Turning trashed into treasured

Coach Leron Fisher saw more than a rundown field - he saw a diamond

May 19, 2006|By NIA-MALIKA HENDERSON | NIA-MALIKA HENDERSON,SUN REPORTER

Folks in Eastport's Harbor House community don't remember when the field started to become a junkyard.

It wasn't in the 1970s, when Thomas Abal, 76, watched the Capital ACs play softball from his back porch.

But slowly, over the years, weeds grew up, and the game of choice became flag football. That, too, stopped eventually. The fence behind what was home plate fell into disrepair, and broken glass littered the field. Then it became a dumping ground for a construction project for two years.

"It wasn't much of a sight," Abal said.

Now, it's game time again. With $15,000 worth of donations from three businesses, the field owned by the Annapolis Housing Authority has undergone an extreme makeover.

FOR THE RECORD - An article in the May 19 Anne Arundel section misidentified Richard Callahan, an Annapolis Housing Authority commissioner and a former city parks and recreation director, as Dennis Callahan, director of the county Department of Recreation and Parks and a former city mayor. The Sun regrets the error.

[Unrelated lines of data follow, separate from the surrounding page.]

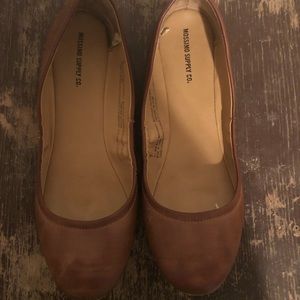Women’s brown flats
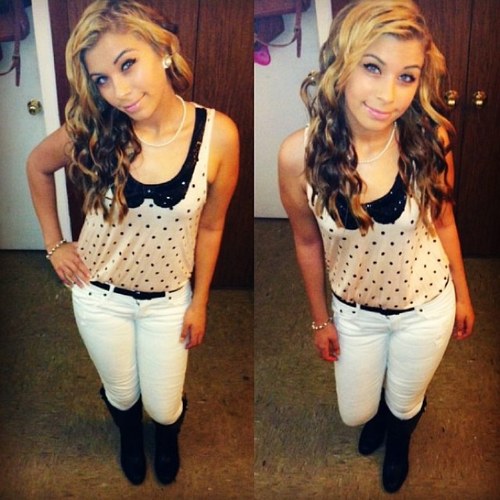 Yannur. Food & Boys. Follow Me & Be Lost ! Wussup .? K Bye ✌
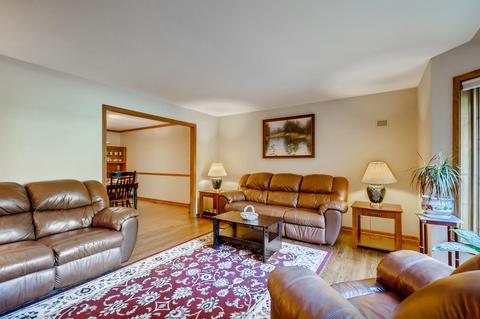 1613 California Ave, Rolling Meadows, IL 60008 photo 4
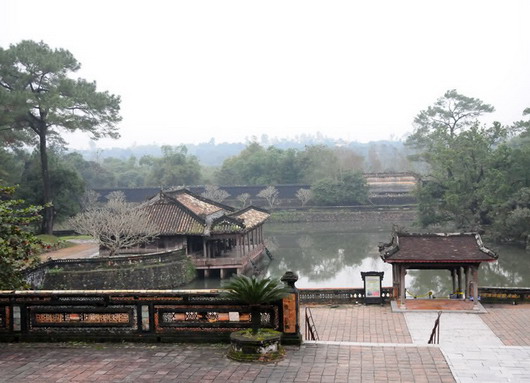 Nét đẹp các lăng tẩm ở Huế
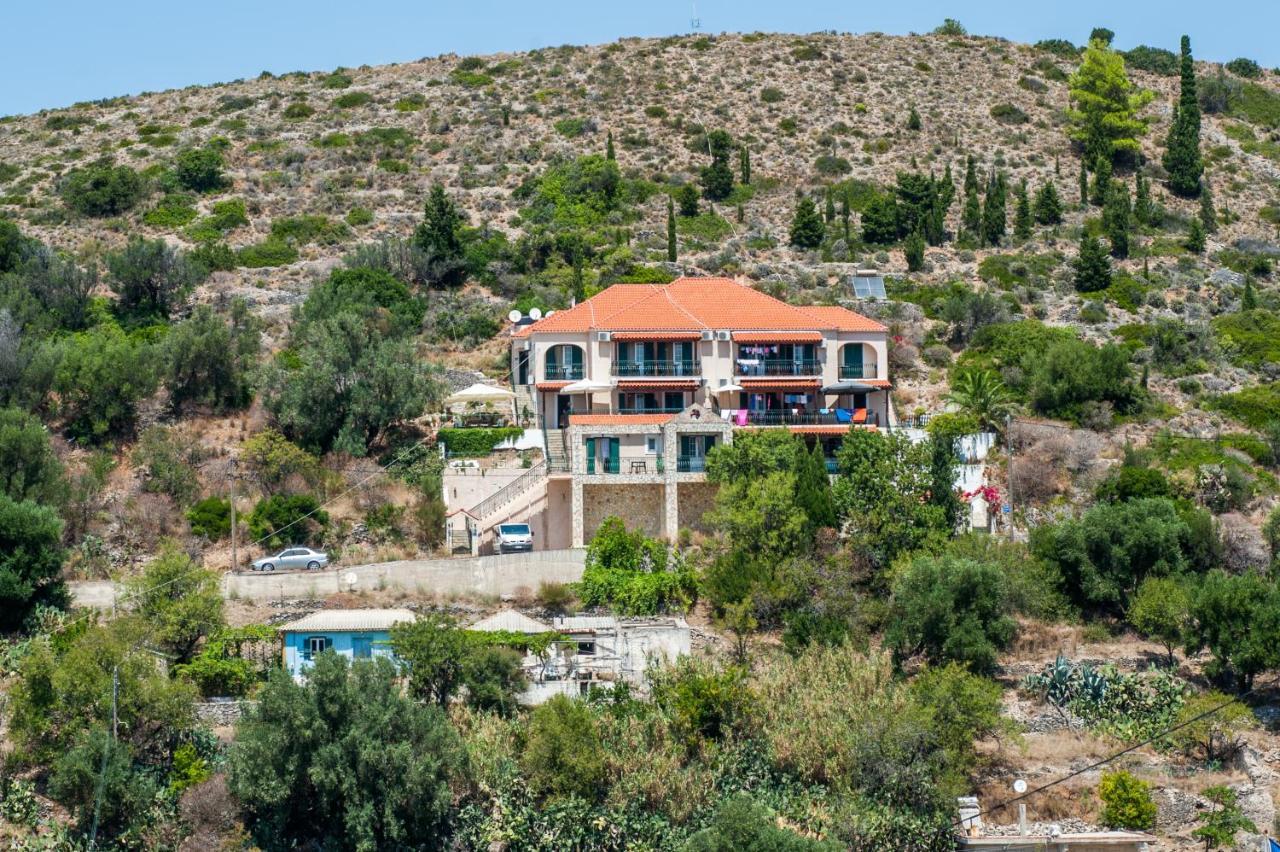 أسوس Niriides Apartments الغرفة الصورة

Now kids called Boobie and Burger and Deion field and hit and toss baseballs next to kids on a basketball court who launch shots to a 5-4-3-2-1 countdown.

They are the Eastport Tigers, or maybe the Housing Authority Tigers, depending on what their coach, Leron Fisher, decides.

For now, Fisher is just happy to have a team. The manager of youth services for the Annapolis Housing Authority, Fisher saw past the trash, the dips and the valleys. He saw a diamond.

"We started out with donated dirt and now we have one of the nicest fields in Annapolis," Fisher said. "This is like a field of dreams here, that's what it is."

Steve McHale, head of the Annapolis Baseball Club and owner of a landscaping company in Upper Marlboro, provided equipment and manpower for the renovation. Terra Nova Design, a Crofton firm, installed an irrigation system and Central Sod Farms provided 12,000 feet of sod.

The work was completed early last month.

"If we can help the kids out here, then we've done our job," William G. Strickland of Terra Nova Design said. "This is our gratification here, just seeing these kids out here playing ball."

The basketball court will be upgraded next, and the goal is to make the area a multipurpose field for soccer, football and other activities.

After a ceremony to thank the donors, Dennis Callahan, director of recreation and parks for Anne Arundel County, said: "We feel that this is one of the pieces of the puzzle to reaching these kids and getting them involved in sports leagues. We are making a lot of progress."

Over the next year, the authority will be pursuing more private partnerships to upgrade its recreational facilities, said Eric C. Brown, director of the agency.

Last month, 40 kids showed up for tryouts at the new field, and 12 made the team. Only one kid, Paul Johnson, 11, had played organized baseball before.

This summer, the team will play six exhibition games, having organized too late for league play. Uniforms and T-shirts are on the way.

Practice is twice a week after school.

On Wednesday, Fisher spouted advice as he chipped balls into the outfield.

Don't look at your glove.

Keep your eye on the ball.

Hustle, hustle, hustle.

He then took the pitcher's mound and called kids up to bat.

Burger, whose real name is Khyri Wells, tried to catch a ball he said is light but heavy, too.

Deion talked trash from first base: "Boobie, put your helmet down, yo. You look crazy."

Boobie, 10, in his long jean shorts, blue shirt and dusty black sneakers, ignored him.

His hat cocked back, he hit home base twice with his bat, then stared down Fisher, who was on the mound.

"I never played baseball before," said Boobie, 10, whose real name is Jakwaun Caldwell. "I asked my dad and coach how I'm supposed to hit, and they said keep my eye on the ball and hit it if it's a perfect pitch."

Residents took in the action on the field.

"You got it, you got it!" shouted Shirley Brown, as two kids clamored to catch the ball. "Sometimes I bring my little chair out here and have a good time. I've never seen kids out here playing like this. Now they have something to do."

As practice wound down, Fisher called in the team for sprints. They raced from one side of the diamond to the other, huffing and puffing and wanting to come in first.